● **Source data**:
= Beginning of Section =

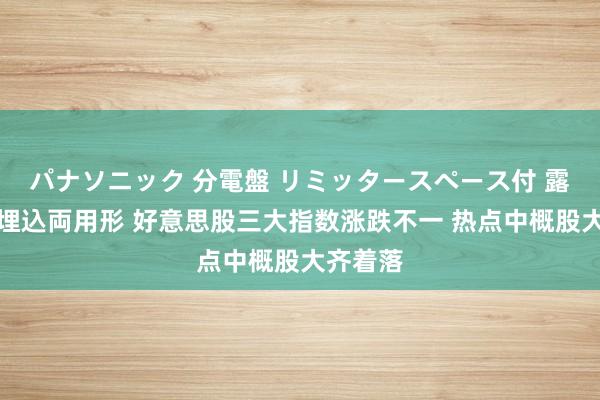 パナソニック 分電盤 リミッタースペース付 露出・半埋込両用形 好意思股三大指数涨跌不一 热点中概股大齐着落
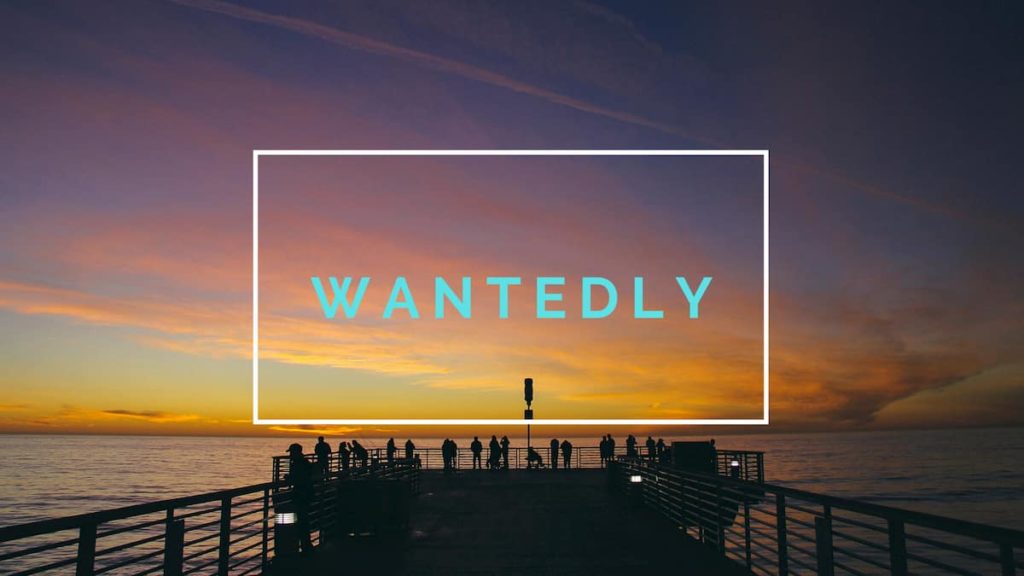 wantedly
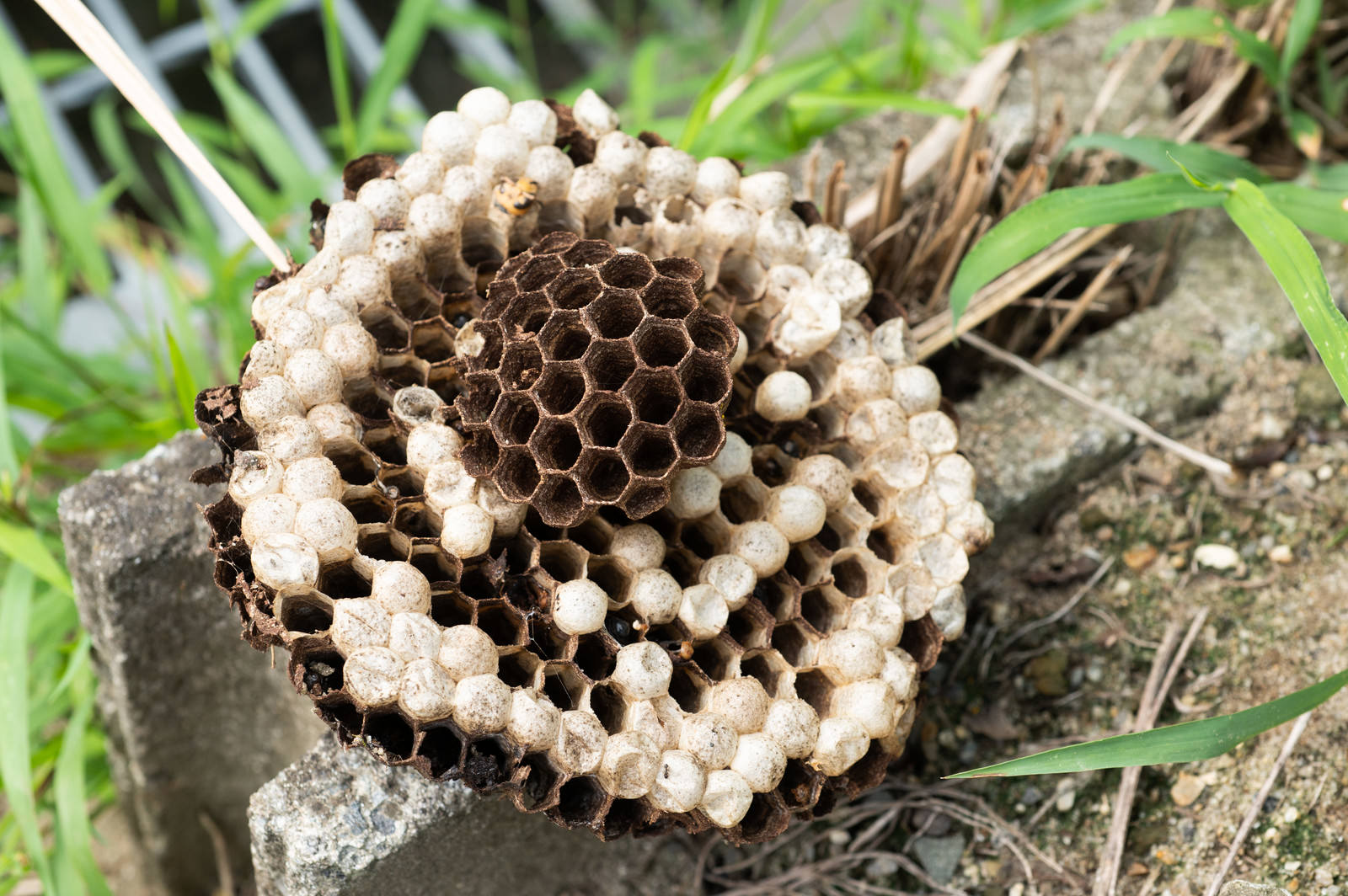 草の上に落ちている茶色の六角形の穴が規則正しく並んだハチの巣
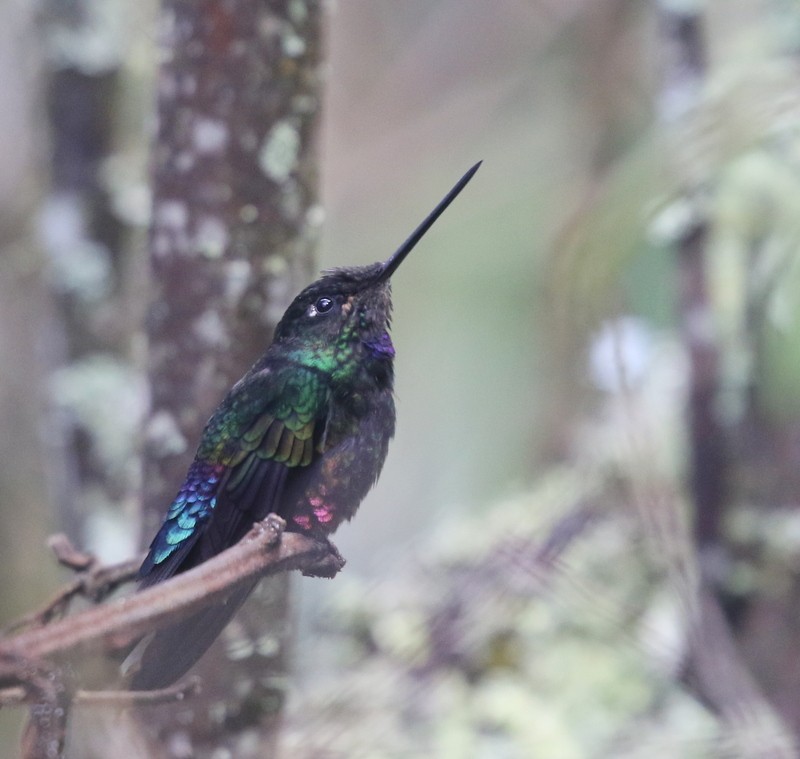 Inca Ventrivioleta - ML644727839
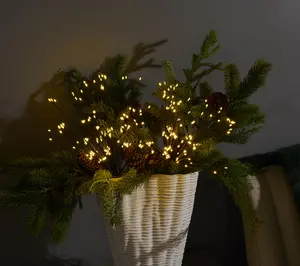 Bethlehem Lights (2) Star Bursts with Remote - Black Wire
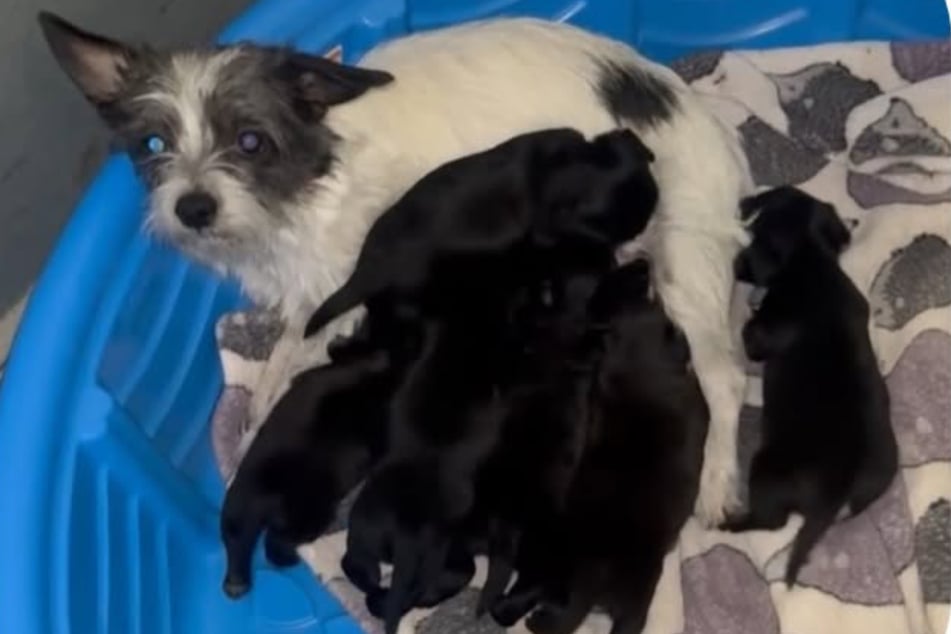 Die Hunde-Mama war schwer beschäftigt.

= End of Section =

● **TASK**: Could the entries above be retyped exactly, with the pictures left out?

● **SOLUTION FOR THIS PROBLEM**:
 パナソニック 分電盤 リミッタースペース付 露出・半埋込両用形 好意思股三大指数涨跌不一 热点中概股大齐着落
 wantedly
 草の上に落ちている茶色の六角形の穴が規則正しく並んだハチの巣
 Inca Ventrivioleta - ML644727839
 Bethlehem Lights (2) Star Bursts with Remote - Black Wire
 Die Hunde-Mama war schwer beschäftigt.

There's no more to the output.